Le succès de la gestion forestière dépendra alors de l’établissement de conditions préalables comme la diminution de la pauvreté, l’amélioration du bien-être des populations, l’implication des acteurs aussi bien au niveau local, national, régional et international. La gestion forestière demande plus que des ressources financières. Elle demande également une volonté politique, des investissements sociaux et le plus important, l’implication active des acteurs locaux, comme les communautés et les exploitants forestiers. Elle implique également une plus grande attention dans le financement durable à travers l’établissement et la gestion transparente de mécanismes de financement. Les investissements sont aussi de l’ordre du renforcement des capacités humaines et institutionnelles et de la dissémination des connaissances.

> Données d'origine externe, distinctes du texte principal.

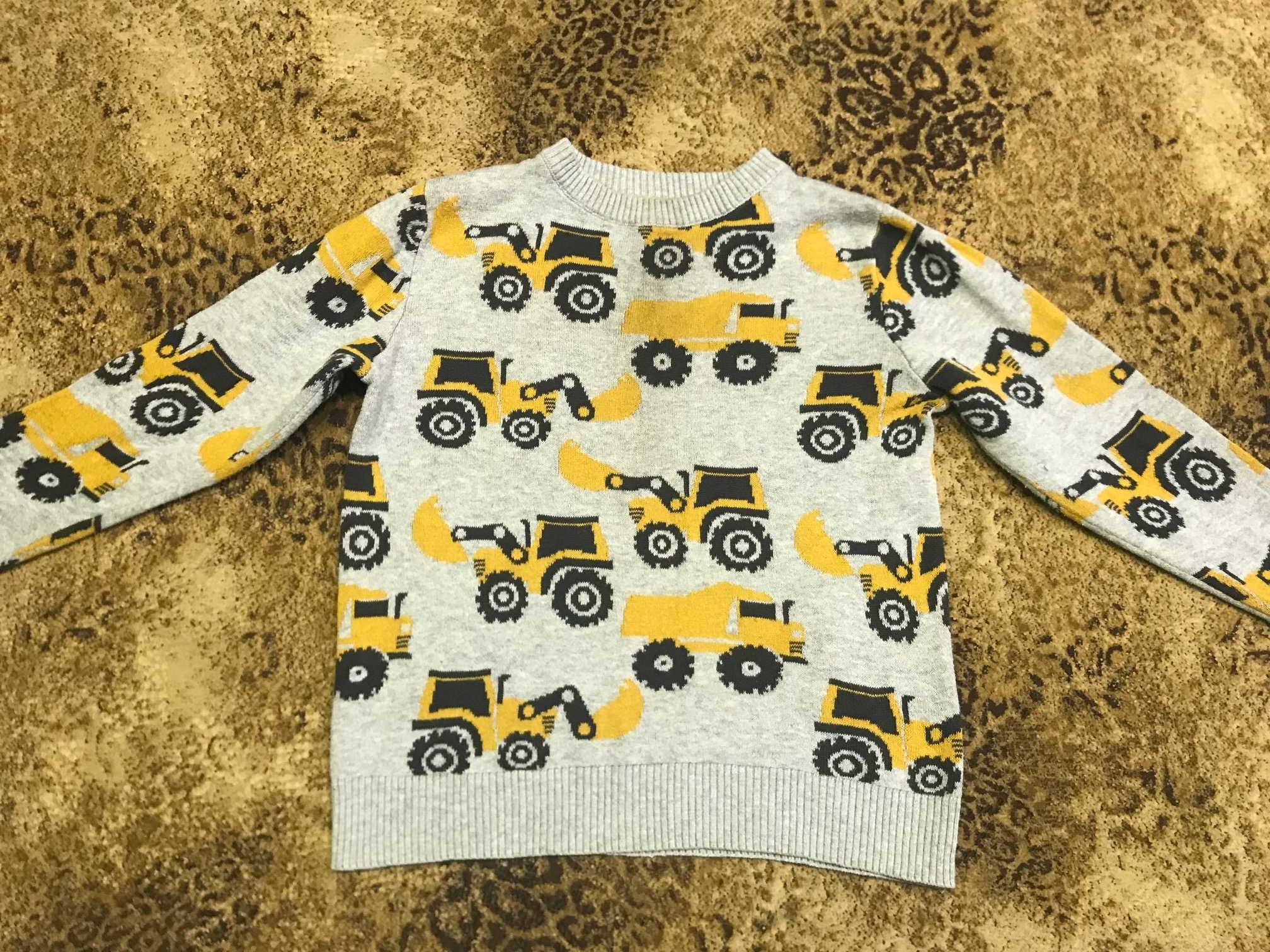 свитер 3-4года для мальчика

Le projet Recherche d’excellence a su sélectionner des exemples en cours de gestion forestière où les acteurs locaux ont pris de l’importance et des approches progressives adoptées. Il s’agit là de l’étape initiale d’un processus à plus long terme de partage des informations et expériences relatives à l’aménagement durable en Afrique centrale. Un réseau sousrégional entre les initiatives concernant ce thème sur le terrain est projeté afin de faciliter l'échange des idées sur les meilleures pratiques et approches parmi les responsables gestionnaires forestiers et d'autres partenaires intéressés. A cette fin, il est cependant nécessaire d’augmenter le nombre de ces exemples à travers l’Afrique centrale, depuis les réformes politiques prometteuses au niveau national, jusqu’aux activités novatrices et significatives au niveau local. Il importe à présent de poursuivre et d’élargir les contacts établis tout au long de ce projet. Dans l’avenir, il sera important d’assurer le suivi et l’appui de ces échanges d’expériences et d’informations à travers la mise en réseau et la collaboration avec les réseaux déjà existants, la poursuite ou l’initiation d’activités spécifiques à l’échelle nationale ou de certaines forêts en vue d’améliorer les pratiques actuelles.